Web page caption snippets:
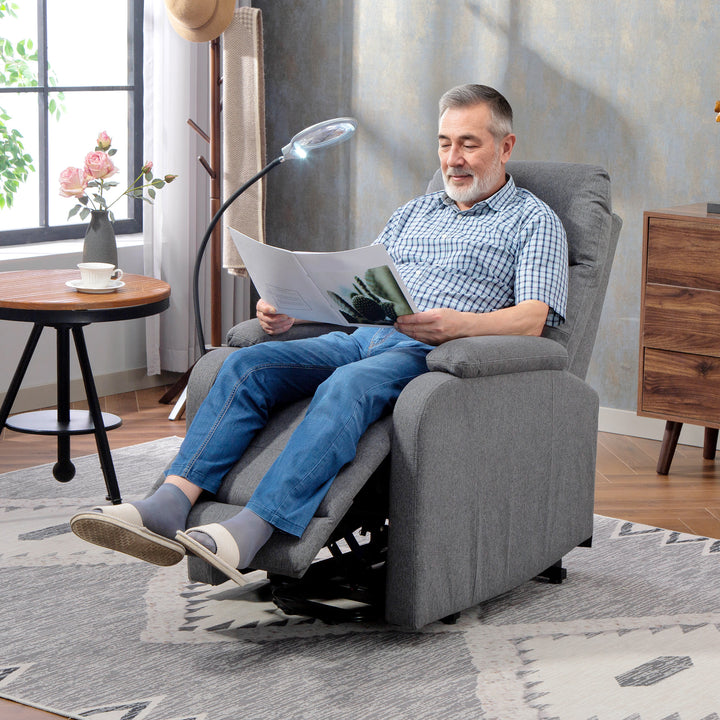HOMCOM Electric Rise/Recline Armchair, with Reading Light - Grey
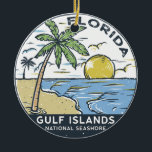 Gulf Islands National Seashore Florida Vintage Ceramic Ornament<br><div class="desc">Gulf Islands National Seashore hand drawn illustration with palm trees and waves in the background. Perfect for anyone who loves to visit Gulf Islands National Seashore.</div>
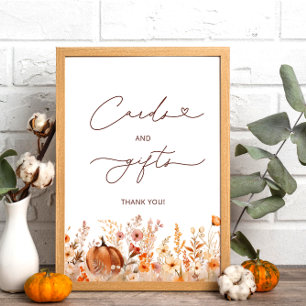 Poster Cartes d'automne et cadeaux Rustic Little Citrouil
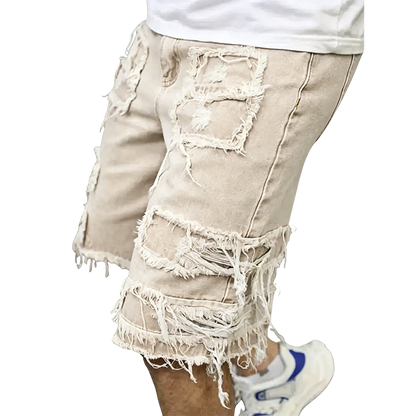 Raw Hem Denim Shorts with Rips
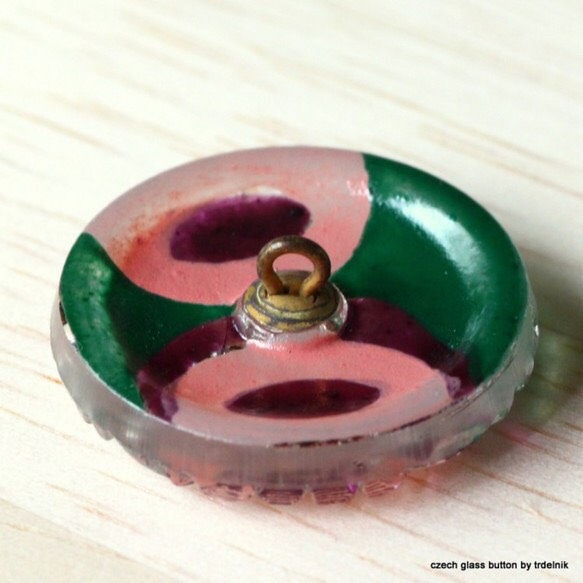 【残り僅か】チェコガラスボタン special サンフラワー　ピンク×モスグリーン 3枚目の画像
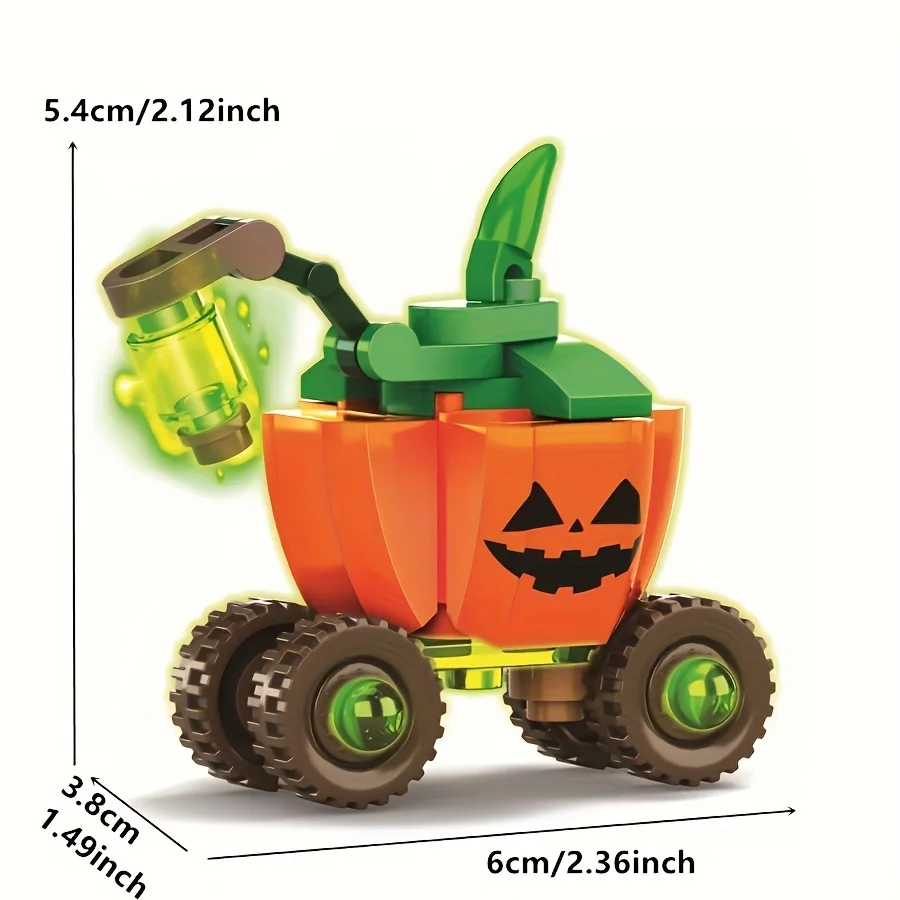 Halloween micro particle building blocks desktop decoration, self-assembly, haunted house model decoration toys, 12 styles a set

DIRECTIONS FOR THIS TASK:
Would you restate word for word only the lines from the line with "Raw Hem Denim Shorts with Rips" to the last line above, with the pictures left out?

RESPONSE:
 Raw Hem Denim Shorts with Rips
 【残り僅か】チェコガラスボタン special サンフラワー　ピンク×モスグリーン 3枚目の画像
 Halloween micro particle building blocks desktop decoration, self-assembly, haunted house model decoration toys, 12 styles a set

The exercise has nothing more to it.